Records to process

☆ ☆ ☆ ☆

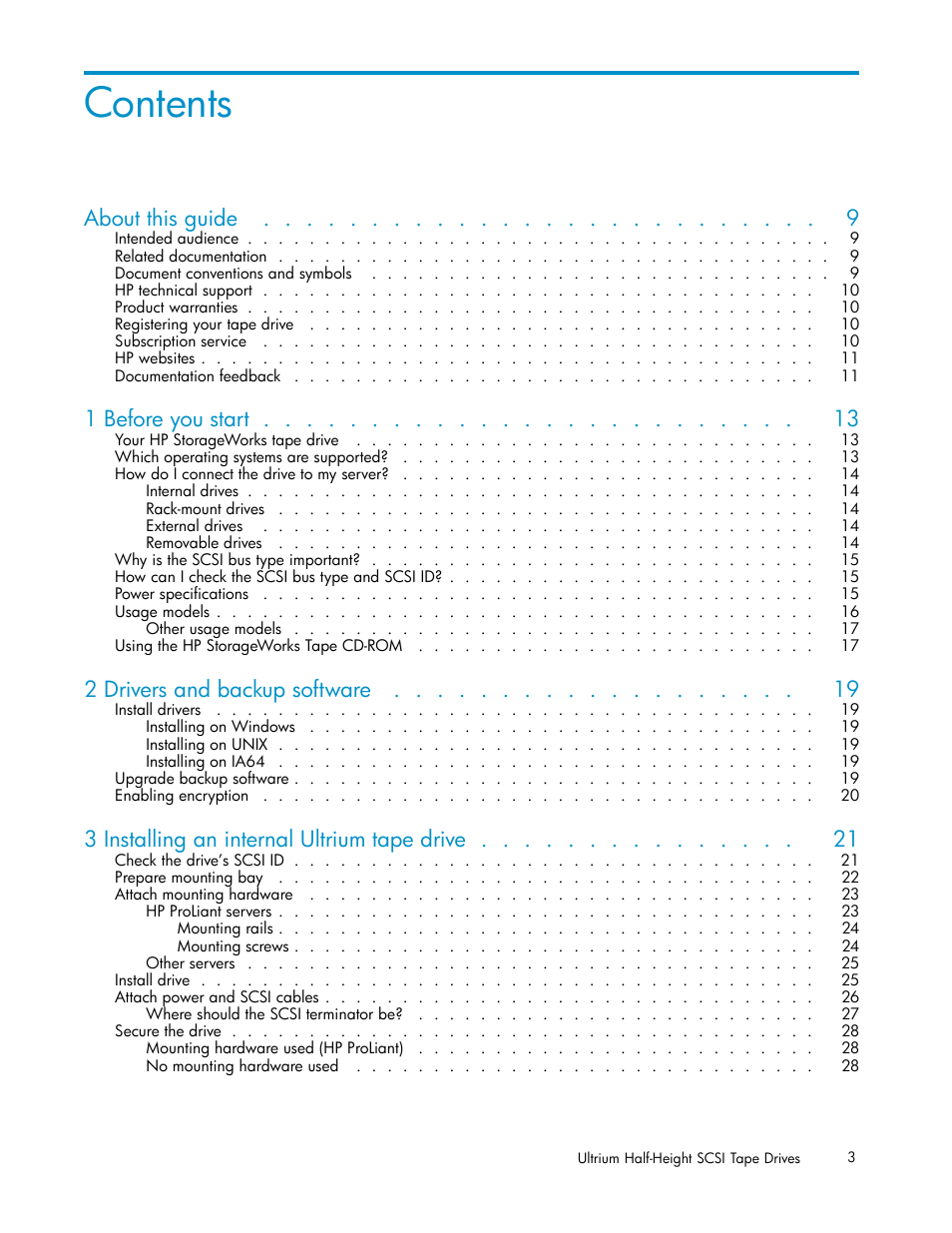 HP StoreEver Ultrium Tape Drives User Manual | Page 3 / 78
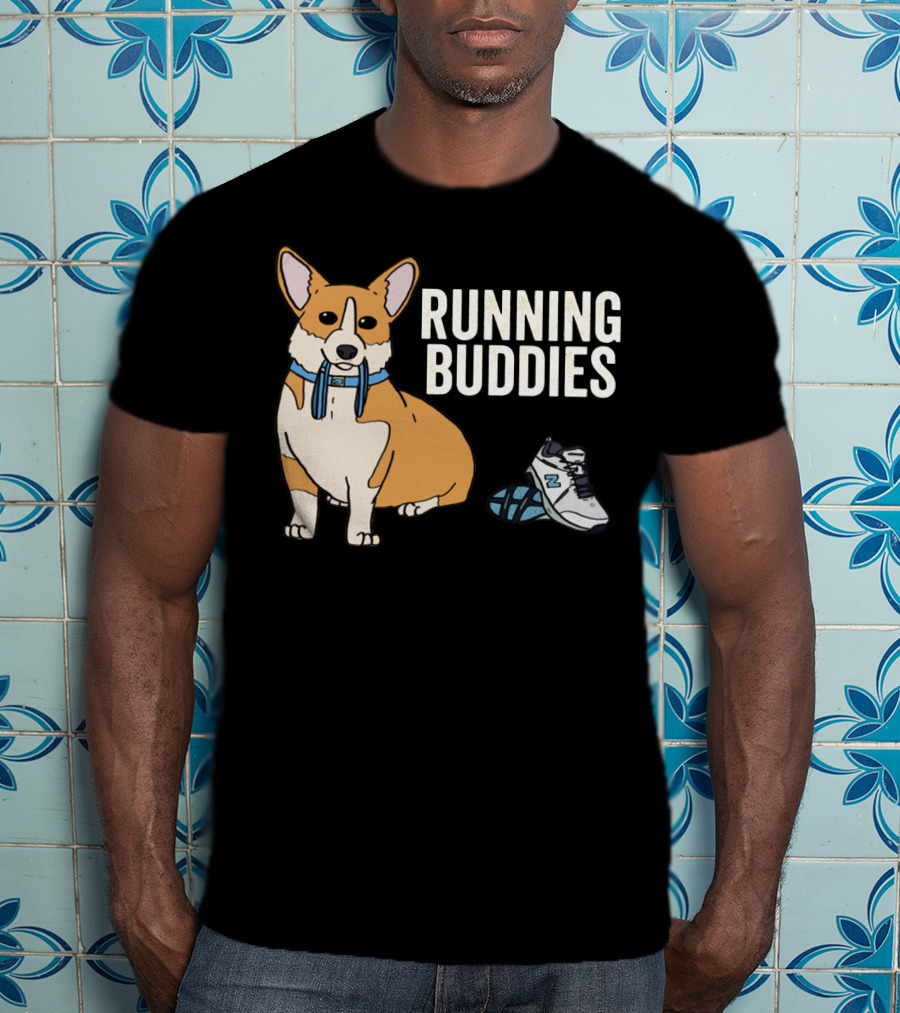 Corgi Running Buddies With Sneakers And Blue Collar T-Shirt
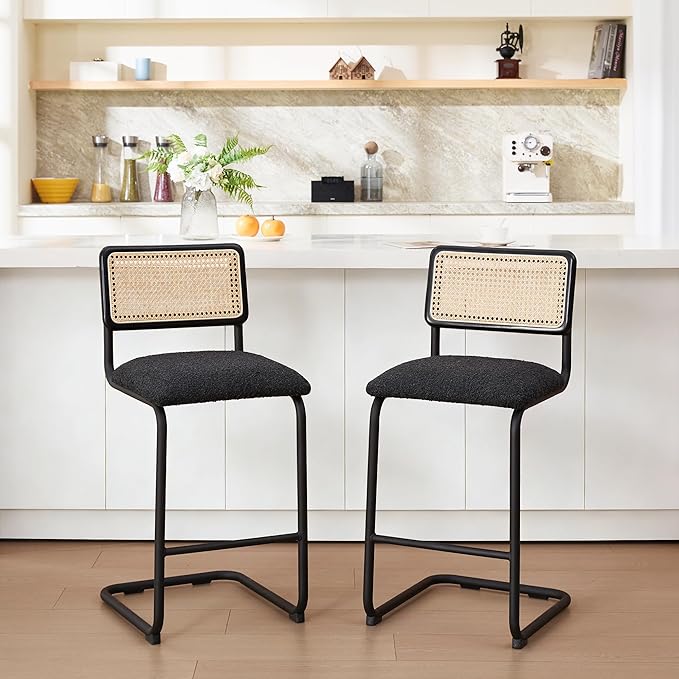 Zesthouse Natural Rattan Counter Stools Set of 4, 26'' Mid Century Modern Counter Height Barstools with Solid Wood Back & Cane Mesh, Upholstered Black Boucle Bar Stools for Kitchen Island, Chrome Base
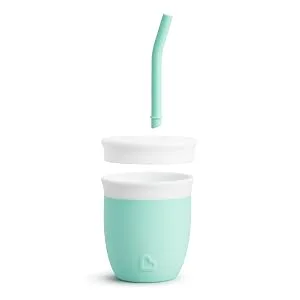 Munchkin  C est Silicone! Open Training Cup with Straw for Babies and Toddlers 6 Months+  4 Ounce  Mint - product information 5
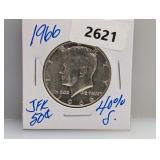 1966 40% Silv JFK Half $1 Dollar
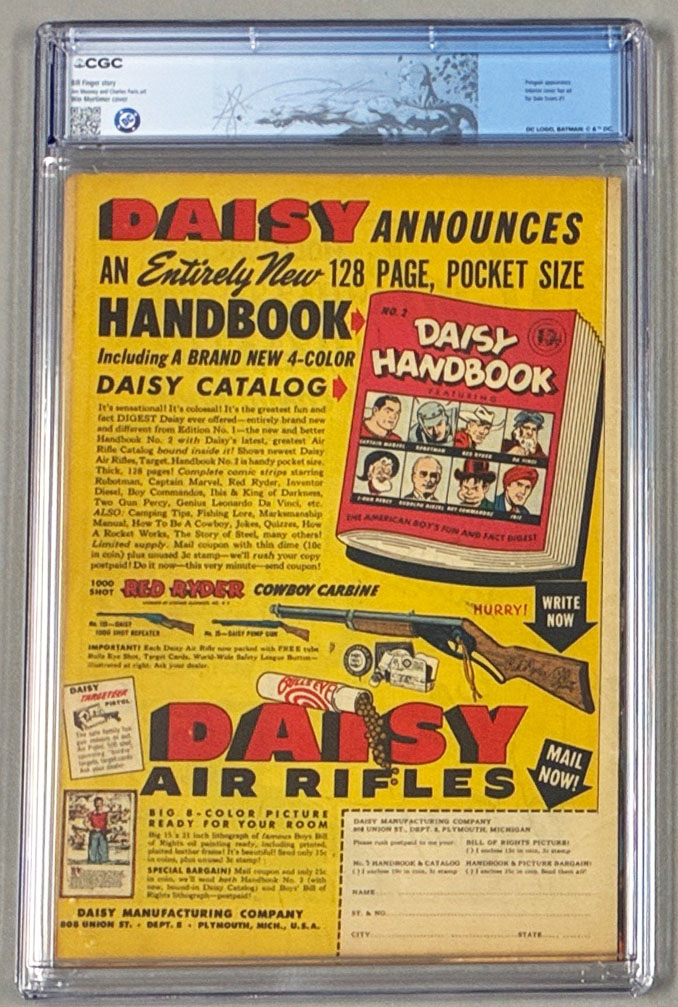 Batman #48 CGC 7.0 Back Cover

☆ ☆ ☆ ☆

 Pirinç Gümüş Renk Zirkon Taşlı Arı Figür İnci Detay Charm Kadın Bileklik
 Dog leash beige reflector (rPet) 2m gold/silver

☆ ☆ ☆ ☆

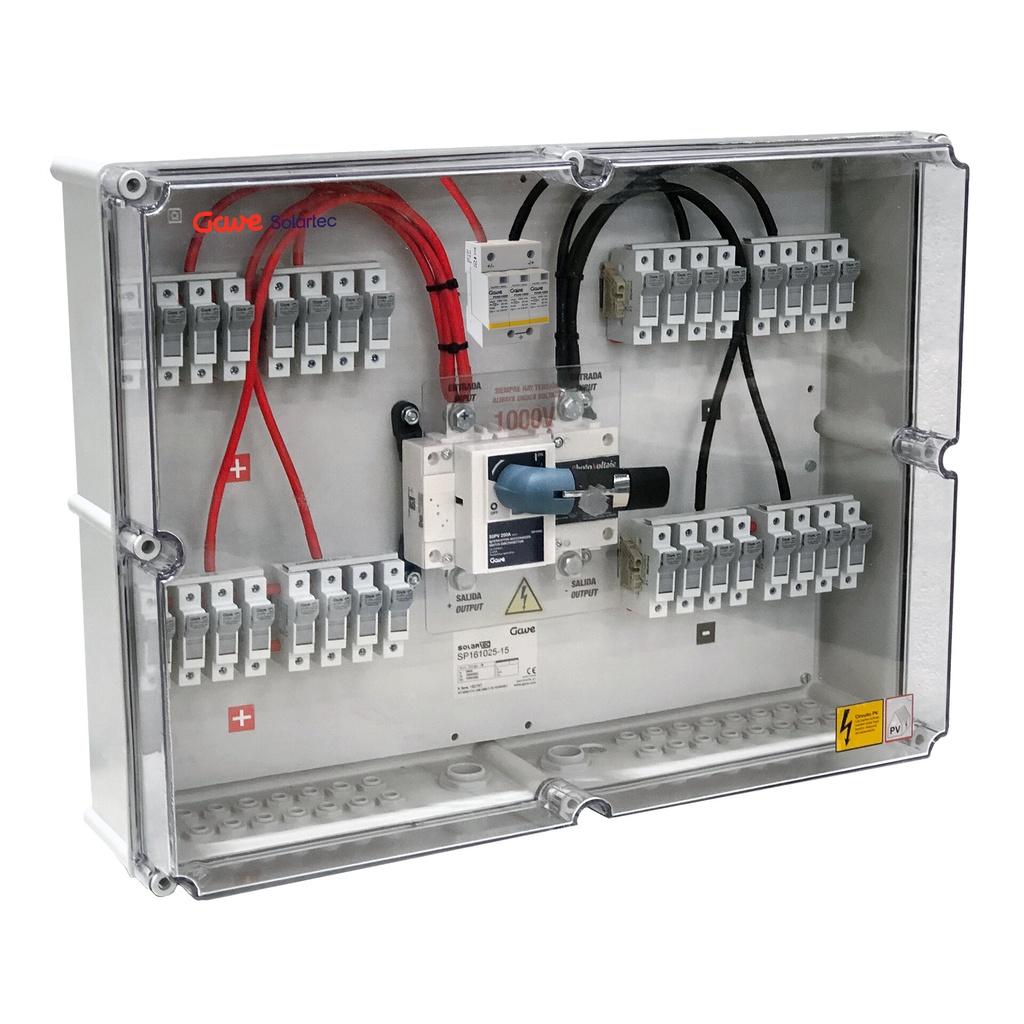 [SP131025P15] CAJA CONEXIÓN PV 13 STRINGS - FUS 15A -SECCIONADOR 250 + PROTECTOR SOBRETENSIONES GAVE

☆ ☆ ☆ ☆

What to do
For this exercise, return exactly the lines above from the line with "Zesthouse Natural Rattan" through the line with "Batman #48 CGC 7.0 Back Cover", both included. Do not copy the pictures.

Task solution
 Zesthouse Natural Rattan Counter Stools Set of 4, 26'' Mid Century Modern Counter Height Barstools with Solid Wood Back & Cane Mesh, Upholstered Black Boucle Bar Stools for Kitchen Island, Chrome Base
 Munchkin  C est Silicone! Open Training Cup with Straw for Babies and Toddlers 6 Months+  4 Ounce  Mint - product information 5
 1966 40% Silv JFK Half $1 Dollar
 Batman #48 CGC 7.0 Back Cover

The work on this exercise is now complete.